Toys R Us has been hurt by the shift to mobile devices taking up more play time. But steep sales declines over the holidays and thereafter were the deciding factor, said Jim Silver, who is editor-in-chief of toy review site TTPM.com.

The company didn’t do enough to emphasize that it was reorganizing but not going out of business, Silver said. That misperception led customers to its stores because they didn’t think they would be able to return gifts.

Now, the US$11 billion in sales still happening at Toys R Us each year will disperse to other retailers like Amazon and discounters, analysts say. Other chains, seeing that Toys R Us was vulnerable, got more aggressive. J.C. Penney opened toy sections last fall in all 875 stores. Target and Walmart have been expanding their toy selections. Even Party City is building up its toy offerings.

“Amazon may pick up the dollars, but won’t deliver the experience needed for a toy retailer to survive and thrive in today’s market,” said Marc Rosenberg, a toy marketing executive.

Toys R Us had dominated the toy store business in the 1980s and early 1990s, when it was one of the first of the “category killers” — a store totally devoted to one thing. Its scale gave it leverage with toy sellers and it disrupted general merchandise stores and mom-and-pop shops. Children sang along with commercials about “the biggest toy store there is.”

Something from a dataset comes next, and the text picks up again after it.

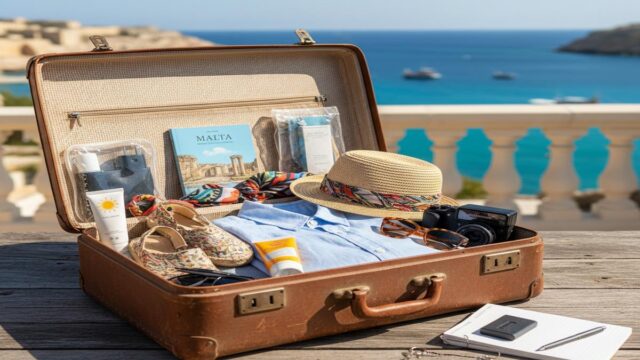 Malta Seyahati İçin Bavulunuzda Olması Gerekenler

But the company lost ground to discounters like Target and Walmart, and then to Amazon, as even nostalgic parents sought deals elsewhere. GlobalData Retail estimates that nearly 14 percent of toy sales were made online in 2016, more than double the level five years ago. Toys R Us still has hundreds of stores, and analysts estimate it still sells about 20 percent of the toys bought in the US.

It wasn’t able to compete with a growing Amazon: The toy seller said in bankruptcy filings that Amazon’s low prices were hard to match. And it said its Babies R Us chain lost customers to the online retailer’s convenient subscription service, which let parents receive diapers and baby formula at their doorstep automatically. Toys R Us blamed its “old technology” for not offering its own subscriptions.

But the company’s biggest albatross was that it struggled with massive debt since private-equity firms Bain Capital, KKR & Co and Vornado Realty Trust took it private in a US$6.6 billion leveraged buyout in 2005. Weak sales prevented them from taking the company public again. With such debt levels, Toys R Us did not have the financial flexibility to invest in its business. The company closed its flagship store in Manhattan’s Times Square, a huge tourist destination that featured its own Ferris wheel, about two years ago.

In filing for bankruptcy protection last fall, Toys R Us pledged to make its stores more interactive.